The MSCI Asia Pacific Index declined 0.3 percent to 146.79 as of 8:07 p.m. in Hong Kong as all of its 10 industry groups retreated, paring this week’s advance to 0.6 percent. The regional gauge followed losses in Europe and the U.S. after Ukraine’s government claimed pro-Russia rebels shot down the passenger jet over disputed territory, killing all 298 people on board. Equities in New York extended a retreat in the last hour of trading as Israel sent ground forces into Gaza.

“Geopolitical risks have resurfaced, sparking a selldown in global share markets and a flight to quality assets,” said Matthew Sherwood, Sydney-based head of investment markets research at Perpetual Ltd., which manages about $29 billion. “At present, details remain scarce with pro-Russian and Ukrainian forces subsequently blaming each other for the attack.”

Regional Gauges

Japan’s Topix index slid 0.8 percent. Toyota fell 0.7 percent to 6,006 yen. Taiwan’s Taiex index, New Zealand’s NZX 50 Index and South Korea’s Kospi index all lost 0.1 percent. Australia’s S&P/ASX 200 Index gained 0.2 percent. The FTSE Bursa Malaysia KLCI Index dropped 0.5 percent. Singapore’s Straits Times Index rose 0.1 percent.

Hong Kong’s Hang Seng Index fell 0.3 percent and the Hang Seng China Enterprises Index (HSCEI) of mainland Chinese stocks lost 0.3 percent.
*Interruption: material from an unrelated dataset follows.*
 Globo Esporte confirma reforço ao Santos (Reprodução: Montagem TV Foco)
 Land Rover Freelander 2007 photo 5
The Shanghai Composite Index advanced 0.2 percent.

Malaysian Air flight 17 was en route to Kuala Lumpur from Amsterdam when it disappeared from radar and crashed in eastern Ukraine, near the Russian border. Russian President Vladimir Putin blamed the Ukrainian government for the jet crash, while Kiev said pro-Russian rebels were behind the attack. The separatists denied the accusation.

Israel moved troops and tanks into Hamas-controlled Gaza, accompanied by heavy artillery shelling, marking the first significant Israeli ground operation in the area since 2009. It follows intensified aerial attacks in which more than 200 Gaza residents were killed. Palestinians launched some 1,250 rockets into Israel, killing one person, with many attacks intercepted by missile defenses.

Negative Sentiment

“We expect this negativity to continue throughout the Asian trading day and into the European session tonight,” said Evan Lucas, a market strategist at IG Ltd. in Melbourne. “How hard the fall amounts to will depend on the reaction of Europe, Russia and the U.S. over the coming week.”
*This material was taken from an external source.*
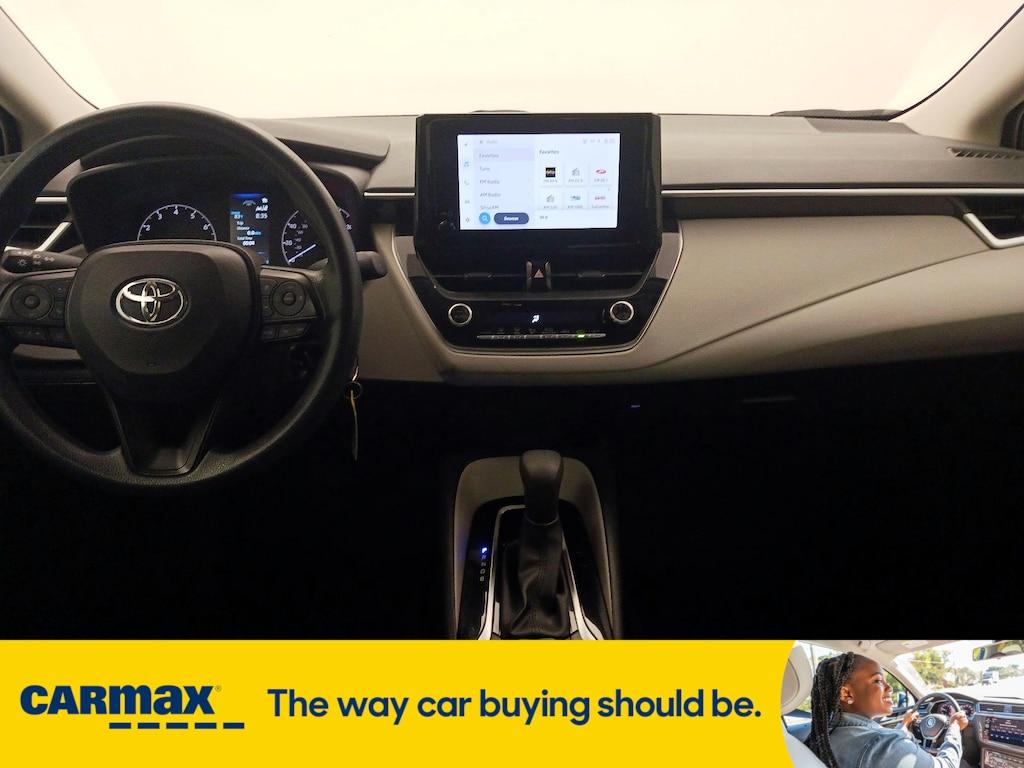 used 2024 Toyota Corolla car, priced at $21,998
The MSCI Asia Pacific Index (MXAP) yesterday traded at 13.5 times estimated earnings, touching the highest since December, according to data compiled by Bloomberg. That compares with 16.5 for the Standard & Poor’s 500 Index.

Profit at members of the S&P 500 probably rose 4.5 percent in the three months through June, while sales gained 3.1 percent, analyst estimates compiled by Bloomberg show.

Futures on the S&P 500 added 0.1 percent today after the U.S. equities benchmark gauge retreated 1.2 percent yesterday, the most in three months.

Investment Climate

“Certainly, today’s news of the aeroplane disaster in the Ukraine, of Israel moving into Gaza, this is not conducive to the investment climate that all of us need,” Sam Walsh, chief executive officer of Rio Tinto Group, the world’s second-biggest mining company, said today at a B-20 forum of business leaders in Sydney. Rio shares fell 0.7 percent to A$64.29.

Malaysian Air lost 11 percent to 20 sen. The loss of the passenger jet follows the disappearance of another of the carrier’s flights on March 8. The Bloomberg World Airlines Index fell 0.3 percent, following a 2 percent tumble yesterday amid speculation the crash will deter fliers.

Asciano gained 3.8 percent to A$5.96 in Sydney after saying it’s in discussions with third parties in relation to a potential sale of a non-controlling interest in its terminals and logistics business division.